ACTIVITY: Sift the listing for lines that hold the string "Women" and pull them out.

RECORDS:
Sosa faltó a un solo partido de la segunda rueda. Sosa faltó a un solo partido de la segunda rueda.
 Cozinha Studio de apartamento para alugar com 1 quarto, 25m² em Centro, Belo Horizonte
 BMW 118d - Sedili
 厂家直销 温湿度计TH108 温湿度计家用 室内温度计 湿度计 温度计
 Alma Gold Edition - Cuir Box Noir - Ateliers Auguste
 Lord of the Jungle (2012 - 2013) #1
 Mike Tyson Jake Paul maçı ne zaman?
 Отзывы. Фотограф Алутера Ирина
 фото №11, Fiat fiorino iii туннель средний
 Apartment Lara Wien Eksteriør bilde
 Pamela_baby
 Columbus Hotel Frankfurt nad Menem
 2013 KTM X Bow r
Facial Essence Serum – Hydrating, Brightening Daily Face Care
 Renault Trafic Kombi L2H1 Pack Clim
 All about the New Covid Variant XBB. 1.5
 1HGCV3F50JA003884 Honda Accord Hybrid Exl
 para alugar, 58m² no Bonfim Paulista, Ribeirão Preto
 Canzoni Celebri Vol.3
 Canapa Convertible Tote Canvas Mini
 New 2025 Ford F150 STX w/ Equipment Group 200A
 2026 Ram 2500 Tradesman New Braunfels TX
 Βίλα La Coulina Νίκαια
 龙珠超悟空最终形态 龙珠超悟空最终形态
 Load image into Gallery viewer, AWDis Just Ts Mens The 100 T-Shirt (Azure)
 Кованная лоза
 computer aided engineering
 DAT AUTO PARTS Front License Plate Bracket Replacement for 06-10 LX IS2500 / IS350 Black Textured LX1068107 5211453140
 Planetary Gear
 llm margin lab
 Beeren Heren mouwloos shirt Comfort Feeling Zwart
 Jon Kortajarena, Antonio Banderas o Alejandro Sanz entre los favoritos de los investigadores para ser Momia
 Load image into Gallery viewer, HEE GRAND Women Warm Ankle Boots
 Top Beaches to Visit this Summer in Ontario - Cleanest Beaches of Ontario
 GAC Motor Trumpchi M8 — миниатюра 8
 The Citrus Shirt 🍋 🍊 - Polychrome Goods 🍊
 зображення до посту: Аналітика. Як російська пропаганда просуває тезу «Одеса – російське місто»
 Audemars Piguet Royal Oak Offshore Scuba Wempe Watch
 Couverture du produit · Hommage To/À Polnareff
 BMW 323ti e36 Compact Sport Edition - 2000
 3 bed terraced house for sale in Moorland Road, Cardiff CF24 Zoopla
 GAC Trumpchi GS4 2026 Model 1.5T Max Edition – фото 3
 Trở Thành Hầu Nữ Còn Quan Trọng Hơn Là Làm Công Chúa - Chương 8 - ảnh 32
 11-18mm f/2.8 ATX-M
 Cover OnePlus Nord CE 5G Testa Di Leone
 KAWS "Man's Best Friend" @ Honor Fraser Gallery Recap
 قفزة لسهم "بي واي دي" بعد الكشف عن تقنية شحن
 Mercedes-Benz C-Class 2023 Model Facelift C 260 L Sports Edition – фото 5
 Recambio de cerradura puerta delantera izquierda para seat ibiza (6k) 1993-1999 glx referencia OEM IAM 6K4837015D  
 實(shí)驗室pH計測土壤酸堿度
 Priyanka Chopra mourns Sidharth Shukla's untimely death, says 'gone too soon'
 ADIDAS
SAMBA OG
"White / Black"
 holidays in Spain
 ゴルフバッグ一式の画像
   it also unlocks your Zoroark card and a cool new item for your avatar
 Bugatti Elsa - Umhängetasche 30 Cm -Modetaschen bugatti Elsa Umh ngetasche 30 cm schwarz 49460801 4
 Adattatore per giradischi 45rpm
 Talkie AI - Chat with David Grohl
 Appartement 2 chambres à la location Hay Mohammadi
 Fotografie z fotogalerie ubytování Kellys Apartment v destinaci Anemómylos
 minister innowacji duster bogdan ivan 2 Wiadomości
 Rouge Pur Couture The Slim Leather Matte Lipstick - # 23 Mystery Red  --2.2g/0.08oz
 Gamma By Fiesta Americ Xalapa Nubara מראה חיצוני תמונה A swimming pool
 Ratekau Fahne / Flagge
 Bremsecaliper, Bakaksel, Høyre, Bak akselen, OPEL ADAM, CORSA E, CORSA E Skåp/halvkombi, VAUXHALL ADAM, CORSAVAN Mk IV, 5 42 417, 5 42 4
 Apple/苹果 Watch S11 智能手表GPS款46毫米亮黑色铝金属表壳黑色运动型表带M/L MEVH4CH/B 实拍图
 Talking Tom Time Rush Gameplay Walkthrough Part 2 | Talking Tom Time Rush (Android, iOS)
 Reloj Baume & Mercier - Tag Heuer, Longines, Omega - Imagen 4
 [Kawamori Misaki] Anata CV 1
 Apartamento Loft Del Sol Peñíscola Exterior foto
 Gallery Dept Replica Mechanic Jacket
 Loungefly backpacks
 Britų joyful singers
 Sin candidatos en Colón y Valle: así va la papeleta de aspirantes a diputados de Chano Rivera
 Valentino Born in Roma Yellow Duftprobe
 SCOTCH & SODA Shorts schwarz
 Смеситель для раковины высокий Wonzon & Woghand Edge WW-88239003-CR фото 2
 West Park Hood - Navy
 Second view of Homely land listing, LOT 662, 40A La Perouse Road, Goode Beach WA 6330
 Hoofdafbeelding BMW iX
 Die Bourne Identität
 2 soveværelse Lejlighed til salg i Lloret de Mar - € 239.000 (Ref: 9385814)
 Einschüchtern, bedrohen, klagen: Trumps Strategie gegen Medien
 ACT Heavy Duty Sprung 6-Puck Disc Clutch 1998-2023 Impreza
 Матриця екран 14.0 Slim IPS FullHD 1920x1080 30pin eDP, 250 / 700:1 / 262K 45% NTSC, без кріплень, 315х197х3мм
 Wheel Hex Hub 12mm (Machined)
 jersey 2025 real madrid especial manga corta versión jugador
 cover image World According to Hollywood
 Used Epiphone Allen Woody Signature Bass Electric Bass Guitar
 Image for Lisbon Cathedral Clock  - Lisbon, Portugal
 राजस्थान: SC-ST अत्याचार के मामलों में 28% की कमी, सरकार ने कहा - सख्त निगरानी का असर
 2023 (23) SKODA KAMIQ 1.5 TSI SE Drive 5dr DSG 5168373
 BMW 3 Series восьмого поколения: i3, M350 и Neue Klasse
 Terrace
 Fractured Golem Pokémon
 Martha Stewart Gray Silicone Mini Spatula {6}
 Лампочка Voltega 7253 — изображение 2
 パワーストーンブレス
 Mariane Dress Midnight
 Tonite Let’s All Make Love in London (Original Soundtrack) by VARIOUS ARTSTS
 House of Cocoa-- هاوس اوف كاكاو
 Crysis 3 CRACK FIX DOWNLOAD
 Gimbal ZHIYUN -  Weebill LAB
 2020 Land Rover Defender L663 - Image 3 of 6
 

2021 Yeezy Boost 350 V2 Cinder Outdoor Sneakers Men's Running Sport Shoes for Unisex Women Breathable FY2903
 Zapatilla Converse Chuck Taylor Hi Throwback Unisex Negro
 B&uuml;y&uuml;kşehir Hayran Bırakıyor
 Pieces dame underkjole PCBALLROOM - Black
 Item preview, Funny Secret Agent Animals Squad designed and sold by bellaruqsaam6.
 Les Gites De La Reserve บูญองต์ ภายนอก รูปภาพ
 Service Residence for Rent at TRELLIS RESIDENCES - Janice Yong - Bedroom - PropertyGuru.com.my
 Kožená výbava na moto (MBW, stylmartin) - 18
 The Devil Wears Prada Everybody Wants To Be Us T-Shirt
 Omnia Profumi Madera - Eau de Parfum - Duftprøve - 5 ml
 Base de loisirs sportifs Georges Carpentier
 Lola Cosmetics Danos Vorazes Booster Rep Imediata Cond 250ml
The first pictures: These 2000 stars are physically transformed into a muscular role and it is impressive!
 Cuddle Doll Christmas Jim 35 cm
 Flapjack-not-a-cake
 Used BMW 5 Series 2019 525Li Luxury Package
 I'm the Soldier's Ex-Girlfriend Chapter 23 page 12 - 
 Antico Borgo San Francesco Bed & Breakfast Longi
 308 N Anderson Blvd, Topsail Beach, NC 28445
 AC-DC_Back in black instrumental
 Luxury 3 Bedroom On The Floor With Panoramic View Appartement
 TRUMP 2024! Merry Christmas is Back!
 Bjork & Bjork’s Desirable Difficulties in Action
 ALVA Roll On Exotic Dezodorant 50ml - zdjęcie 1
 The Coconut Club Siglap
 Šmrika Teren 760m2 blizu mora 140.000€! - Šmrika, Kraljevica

EXERCISE RESPONSE:
 Load image into Gallery viewer, HEE GRAND Women Warm Ankle Boots
2021 Yeezy Boost 350 V2 Cinder Outdoor Sneakers Men's Running Sport Shoes for Unisex Women Breathable FY2903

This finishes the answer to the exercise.